Just installed ewqlso gold and finding my way around Play (which works very well on my system)... I must say I'm impressed at how easily instruments fall into place, really smooth. So I did a little improvised track, to test the patches, legato instruments in particular, here it is:

www.robertosoggetti.com/EWGold.mp3


----------



## johan25 (Dec 11, 2010)

Nice Improv !


----------



## Rob (Dec 12, 2010)

johan25 @ 11th December 2010 said:


> Nice Improv !



thanks Johan! Well, almost improvised really, it has an improvisational approach, but I have also done some reflections about what was going on... not creating one minute music in one minute, as Bill Evans put it, but let's say one minute music in one hour...


----------



## Rob (Dec 13, 2010)

tomgahagan @ 12th December 2010 said:


> Kind of like going to a strip club... or at least what I've been told anyway.....
> 
> AWESOME... but leaves you wanting more!!!!
> 
> Thomas



:D thanks a lot Tom!


----------



## germancomponist (Dec 13, 2010)

Very cool, Rob! 
Yeah, EWQLSO rocks.


----------



## dedersen (Dec 14, 2010)

Wow. I really, really need to revisit EWQLSO. This is the second time in not too long that I've been impressed by the sound of this library, which I've neglected to use for a while now.
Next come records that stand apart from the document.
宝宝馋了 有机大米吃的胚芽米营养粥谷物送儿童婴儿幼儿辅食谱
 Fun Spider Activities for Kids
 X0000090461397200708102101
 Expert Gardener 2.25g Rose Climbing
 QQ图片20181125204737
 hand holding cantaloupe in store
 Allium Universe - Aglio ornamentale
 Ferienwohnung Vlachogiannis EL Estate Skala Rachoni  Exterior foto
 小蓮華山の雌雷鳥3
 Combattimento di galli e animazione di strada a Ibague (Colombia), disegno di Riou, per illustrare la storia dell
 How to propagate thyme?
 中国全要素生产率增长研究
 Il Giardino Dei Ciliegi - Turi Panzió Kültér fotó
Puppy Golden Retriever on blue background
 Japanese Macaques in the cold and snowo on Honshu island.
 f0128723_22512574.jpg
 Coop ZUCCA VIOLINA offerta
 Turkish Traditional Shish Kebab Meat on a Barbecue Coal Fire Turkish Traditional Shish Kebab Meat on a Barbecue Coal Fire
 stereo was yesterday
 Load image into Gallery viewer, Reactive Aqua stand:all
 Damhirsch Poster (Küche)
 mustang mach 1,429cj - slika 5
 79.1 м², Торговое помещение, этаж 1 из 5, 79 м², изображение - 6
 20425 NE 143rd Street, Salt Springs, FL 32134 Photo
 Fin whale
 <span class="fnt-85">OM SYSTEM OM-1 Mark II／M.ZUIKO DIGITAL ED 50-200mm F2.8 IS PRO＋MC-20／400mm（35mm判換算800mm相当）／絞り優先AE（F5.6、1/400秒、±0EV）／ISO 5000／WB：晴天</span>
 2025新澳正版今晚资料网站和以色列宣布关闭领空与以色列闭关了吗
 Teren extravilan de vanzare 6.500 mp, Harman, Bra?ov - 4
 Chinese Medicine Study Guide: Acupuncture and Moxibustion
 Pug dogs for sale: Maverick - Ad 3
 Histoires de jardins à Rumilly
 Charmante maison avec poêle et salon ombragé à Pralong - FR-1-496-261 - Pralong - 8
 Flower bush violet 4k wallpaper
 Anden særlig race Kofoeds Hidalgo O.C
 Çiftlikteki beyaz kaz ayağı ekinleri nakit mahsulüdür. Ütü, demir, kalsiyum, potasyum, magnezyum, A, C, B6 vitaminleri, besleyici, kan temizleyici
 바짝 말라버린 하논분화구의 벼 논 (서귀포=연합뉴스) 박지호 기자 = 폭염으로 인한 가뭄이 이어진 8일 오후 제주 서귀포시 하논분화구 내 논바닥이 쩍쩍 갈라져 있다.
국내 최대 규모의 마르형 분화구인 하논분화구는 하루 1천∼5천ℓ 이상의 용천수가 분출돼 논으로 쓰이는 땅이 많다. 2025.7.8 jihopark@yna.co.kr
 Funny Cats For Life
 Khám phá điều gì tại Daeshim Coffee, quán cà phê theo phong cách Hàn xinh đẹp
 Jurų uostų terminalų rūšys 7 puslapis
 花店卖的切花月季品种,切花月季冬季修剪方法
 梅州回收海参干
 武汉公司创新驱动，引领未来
Great writing. Quite impressive that you can pull off this sort of thing "semi"-improvising.


----------



## Rob (Dec 15, 2010)

dedersen @ 14th December 2010 said:


> Wow. I really, really need to revisit EWQLSO. This is the second time in not too long that I've been impressed by the sound of this library, which I've neglected to use for a while now.
> 
> Great writing. Quite impressive that you can pull off this sort of thing "semi"-improvising.



thank you, Dedersen! I think that when sound, rhythm and timing are ok almost anything you play sounds good... if you know what you're doing, of course


----------



## Rob (Dec 15, 2010)

rayinstirling @ 15th December 2010 said:


> I nearly missed this as I haven't looked in on Guy's board for a while.
> 
> Roberto, buy the close mics, you'll have so much fun.



 I just went to the online store, and almost completed the procedure, when an inner voice told me "do you really need it?" so I escaped the trap... until next time



> As far as this piece is concerned,
> Discounted libraries being used well isn't good news for the sponsors selling new libraries.
> Enough said



I can understand that, but I hate the idea of being constantly unsatisfied with what we have, just to keep the market going...



> Loved it as usual and looking forward to the multi mic version
> 
> Ray



thanks brother


----------



## Rob (Dec 15, 2010)

stevenson-again @ 15th December 2010 said:


> gee. that was pretty impressive, musically, sonically, and temporally. if it wasn't for the headaches with PLAY.....
> 
> you're a phenomenal composer rob.



coming from you, Rohan, your comment made my day... thanks a lot!


----------